Items listed in a dataset
..........

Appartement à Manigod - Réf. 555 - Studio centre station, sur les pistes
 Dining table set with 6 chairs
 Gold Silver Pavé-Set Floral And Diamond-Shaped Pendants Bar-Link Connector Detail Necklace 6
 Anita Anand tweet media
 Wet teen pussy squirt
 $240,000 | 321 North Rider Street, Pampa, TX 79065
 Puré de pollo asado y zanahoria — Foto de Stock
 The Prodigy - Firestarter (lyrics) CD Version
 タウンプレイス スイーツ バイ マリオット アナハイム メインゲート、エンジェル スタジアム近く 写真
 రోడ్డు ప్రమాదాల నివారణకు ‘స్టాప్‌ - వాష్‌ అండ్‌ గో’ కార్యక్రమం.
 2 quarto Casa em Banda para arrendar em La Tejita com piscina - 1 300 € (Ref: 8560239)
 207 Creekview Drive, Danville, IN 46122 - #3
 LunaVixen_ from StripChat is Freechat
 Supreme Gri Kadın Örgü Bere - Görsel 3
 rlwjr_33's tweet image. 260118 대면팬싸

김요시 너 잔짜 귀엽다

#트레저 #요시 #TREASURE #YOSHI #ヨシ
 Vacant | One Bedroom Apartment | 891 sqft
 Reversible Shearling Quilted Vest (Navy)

..........

Starting at the line with "LunaVixen_ from StripChat is Freechat", copy every line up to and including the last one in the entries above.

## Task solution
 LunaVixen_ from StripChat is Freechat
 Supreme Gri Kadın Örgü Bere - Görsel 3
 rlwjr_33's tweet image. 260118 대면팬싸

김요시 너 잔짜 귀엽다

#트레저 #요시 #TREASURE #YOSHI #ヨシ
 Vacant | One Bedroom Apartment | 891 sqft
 Reversible Shearling Quilted Vest (Navy)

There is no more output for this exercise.